One of my favorite combinations for enhancing another flavor is lime and cumin – particularly with a bit of fresh cilantro. This Mexican-influenced flavor blend is quite typical of the wonderfully pervasive way that Mexicans use lime in cooking. My Mexican friends have taught me to combine lime with fruits (papaya, melon), seafood (shrimp, squid, crab), meat (chicken), vegetables (corn, avocado) and, of course, tequila (Margarita). I particularly like lime and cumin with chicken – either as a grilling marinade or as a dressing. When used as a dressing, as in the recipe below, I like to include a rich vehicle (like mayonnaise) for better “mouth feel” and to contrast with the tang of the lime.
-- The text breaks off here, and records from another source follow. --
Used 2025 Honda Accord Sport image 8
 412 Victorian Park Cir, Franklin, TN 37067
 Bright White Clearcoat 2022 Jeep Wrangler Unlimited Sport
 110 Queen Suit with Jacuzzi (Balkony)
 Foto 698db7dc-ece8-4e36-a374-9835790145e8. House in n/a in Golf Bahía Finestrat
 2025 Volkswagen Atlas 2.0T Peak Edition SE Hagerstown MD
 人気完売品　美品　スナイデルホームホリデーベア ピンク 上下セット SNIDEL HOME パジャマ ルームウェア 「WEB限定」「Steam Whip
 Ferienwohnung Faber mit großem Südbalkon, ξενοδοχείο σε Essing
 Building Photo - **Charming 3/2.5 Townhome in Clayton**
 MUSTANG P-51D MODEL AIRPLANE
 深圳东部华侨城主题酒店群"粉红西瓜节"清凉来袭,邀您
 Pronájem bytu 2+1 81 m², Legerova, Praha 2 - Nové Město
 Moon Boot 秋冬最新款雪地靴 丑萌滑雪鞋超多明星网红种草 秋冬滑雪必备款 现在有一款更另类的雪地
This is a very easy do-ahead party recipe and is well-suited to a party with typical bite-size hors d’oeuvres. Both the salad and won ton cups can be made the day before and assembled just before guests arrive. (This chicken salad also works as a do-ahead recipe for a light lunch buffet when served in a bowl with small rolls for making sandwiches and perhaps a bit of corn salad.)
Lime-Cumin Chicken Salad in Won Ton Cups
Recipe By: A Global Garnish, LLC
Yield: 40 bite-sized filled won ton cups
2 cups stock, chicken
1 1/4 pounds chicken, boneless
1/2 cup mayonnaise
6 tablespoons lime juice
1 teaspoon chili oil, or to taste
1 teaspoon salt
1 teaspoon cumin
2 teaspoons sugar
1 tablespoons red onion, finely minced
2 tablespoons scallions , minced
1/4 cup cilantro, fresh, chopped
1 package wonton wrappers
1/4 bunch parsley or cilantro, for garnish
1. Bring chicken stock to a boil and return to a very low simmer. Add boneless chicken breasts or chicken tenders (I prefer tenders) and simmer until cooked through. Drain and cool. Chop chicken into fine mince.
NOTE: If you are making large quantities of this recipe or are in a hurry, you can mince the chicken with the chopping blade of a food processor. I prefer the mince chopped with a knife – for appearance (shown in photos here) and texture. But sometimes there just isn’t enough time to do the manual chopping.
2. While chicken is cooling, mx the mayonnaise with the lime juice, chili oil, salt, cumin and sugar. (Use less salt if you are making this salad for sandwiches rather than bite-sized tastes, where you want a bit more flavor punch). Mix in the red onion, scallions and cilantro. Add the minced chicken. (For food safety, always be sure foods are completely cool before adding to mayonnaise). Taste for seasoning and adjust if needed. Chill in refrigerator. Can be made one day ahead.
3. While chicken salad is chilling and flavors blending, make the wonton cups. These will be baked in mini-muffin tins. I recommend Demarle Flexipan mini-muffin pans as greasing is unnecessary and wonton cups can be easily removed without breaking. If you use metal pans, brush pan with a bit of vegetable oil.
4. Preheat the oven at 370 degrees. Use the square won tons right out of the package (3 1/4 inch squares) or use a round cutter to trim the squares so they fit below the top of the muffin cups. The advantage of squares is that they look pretty, but you’ll need to keep a close eye on the baking time to avoid burning the corners. The rounds bake more easily and form nice neat little cups but don’t have the elegant appearance of the squares.
5. Put won tons in the muffin cups.
Bake about 7-8 minutes. Remove from oven and cool in the pan. Remove from pan and store in air tight container until ready to use.
6. Fill won ton cups with a spoonful of chicken salad. Use a small spoon to avoid getting salad on the cup edges. Garnish with a small sprig of parsley or cilantro. If necessary, chill (covered) in the refrigerator for up to an 2 hours. Best made as close to serving as possible.
NOTE: This recipe can be made a day ahead. Store the finished chicken salad in the refrigerator; keep baked won tons in an air-right container at room temperature; and have a bunch of washed parsley or cilantro for garnishes.